Formule omniprésente dans le langage courant, devoir de mémoire relève d’une invention à la fois langagière, sociale et politique qui s’est effectuée en trois temps distincts.
Le premier temps est celui de l’invention proprement langagière. Contrairement à une idée très répandue, y compris dans le champ scientifique, l’expression ne provient ni de Primo Levi, ni plus largement des rescapés des camps de la mort qui auraient ainsi formalisés un sentiment d’obligation à témoigner de leur expérience. Les premières traces de l’expression retrouvées en 1972 sont le fait de l’écrivain et professeur de littérature Jean Roudaut et du psychanalyste François Périer. Ces emplois ne se réfèrent pas à un fait historique, la construction de cette expression néologique relevant plutôt d’une figure de style qu’il convient de situer dans un nouveau contexte à la fois linguistique et social dans lequel le terme « mémoire » se voit utiliser dans de nouveaux sens et de nouvelles formulations liés à l’histoire de la Seconde Guerre mondiale.
Le second temps est celui de la mutation de l’expression en formule qui s’opère en 1992-1993. Celle-ci s’élabore autour de la commémoration de la rafle du Vel d’Hiv’ (juillet 1992) et des débats sur les procès intentés à des responsables français accusés de crimes contre l’humanité (Touvier, Bousquet, Papon) qui pointent la participation active de Vichy dans les crimes commis à l’égard des Juifs pendant la Seconde Guerre mondiale. La question de sa reconnaissance officielle adressée au Président de la République François Mitterrand qui s’y refuse entraine une multiplication des usages du devoir de mémoire qui sont fortement médiatisés et qui portent également des enjeux du présent : la lutte contre l’antisémitisme, contre le négationnisme et contre l’extrême droite en France. La formule occupe dès lors une place de plus en plus centrale sur la scène sociale, fortement investie d’une dimension morale et éducative, notamment par sa référence aux témoignages des rescapés dont Primo Lévi en premier lieu à partir de 1995.
Le troisième temps, celui de l’invention politique, intervient très peu de temps après. Le devoir de mémoire est mobilisé dans la seconde moitié des années 1990 par les représentants de l’État, en particulier le Président de la République Jacques Chirac. Il s’agit alors de reconnaitre officiellement la responsabilité de la France dans les crimes antisémites et d’instaurer une politique de réparations à l’égard des victimes (commission Mattéoli). La formule est également saisie par les parlementaires pour légitimer le vote de lois qui reconnaissent différents crimes passés (traite et esclavage, génocide des Arméniens) ou le rôle de certains groupes (Rapatriés français et Harkis lors de la période coloniale en Algérie). Son usage est alors partagé par l’ensemble de la classe politique qui y voit un outil consensuel favorisant une réconciliation nationale avec différents groupes identifiés comme victimes de passés traumatiques.

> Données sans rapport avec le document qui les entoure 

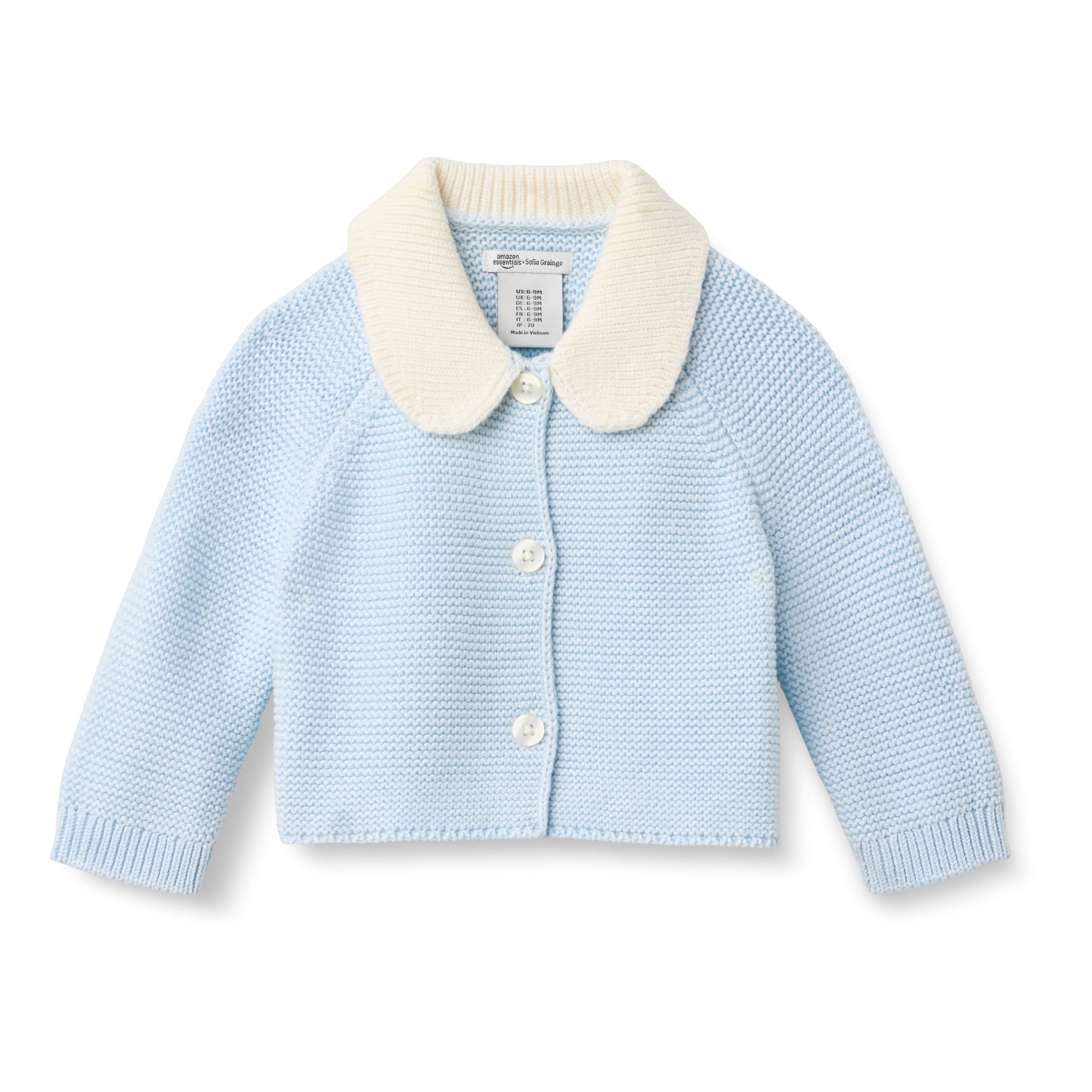 Amazon Essentials x Sofia Grainge Unisex Toddlers and Babies Peter Pan Collar Sweater Jacket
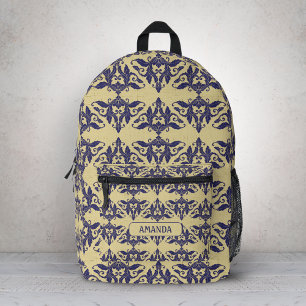 Elegantes Vintages Damastenschiff Blaugelbes Monog Bedruckter Rucksack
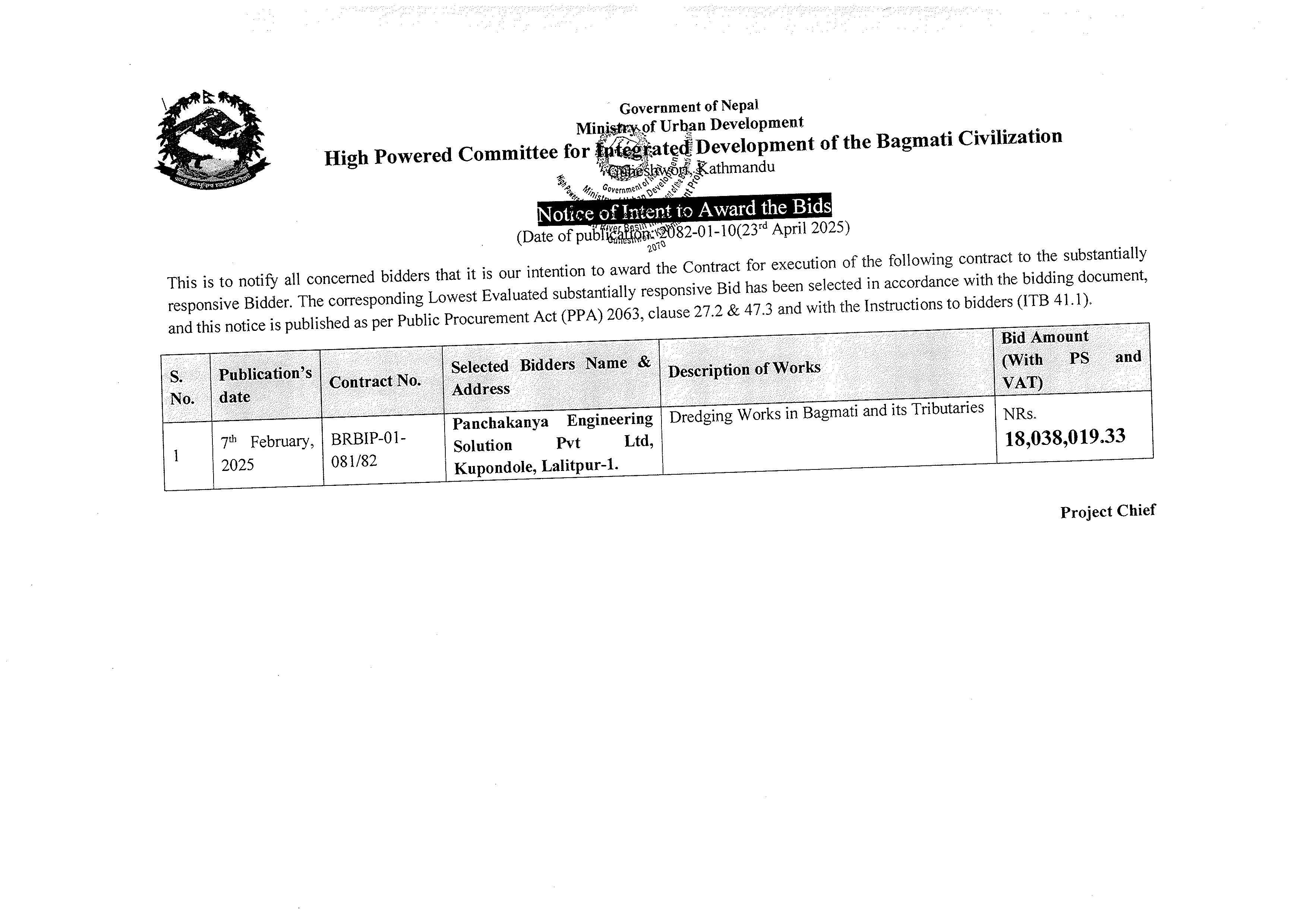 Notice of Intent to Award the Bids, BRBIP-01-081/82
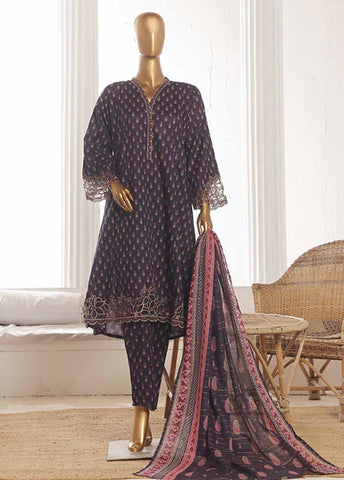 Bin Saeed Fabric - SM-FR-632-3 Piece Lawn Embroidered Frock Style Suit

Dénoncé par des historiens depuis le milieu des années 1990 comme relevant d’un conformisme instrumentalisant le passé (Henry Rousso, Antoine Prost, entre autres), la formule est mise à distance par les acteurs institutionnels eux-mêmes après 2005 car elle est perçue cette fois comme un vecteur de divisions fragilisant la communauté nationale. Cela n’empêche pas le devoir de mémoire d’être toujours aussi présent dans le discours des associations liées aux conflits du XXe siècle ou au patrimoine, dans les médias régionaux ou dans les réseaux sociaux.
Bibliographie
Sébastien Ledoux, Le Devoir de mémoire. Une formule et son histoire, Paris, CNRS Éditions, 2016.
Emmanuel Kattan, Penser le devoir de mémoire, Paris, PUF, 2002.
Paul Ricœur, La Mémoire, l’histoire, l’oubli, rééd., Paris, Seuil, col. « Points Essais », 2003.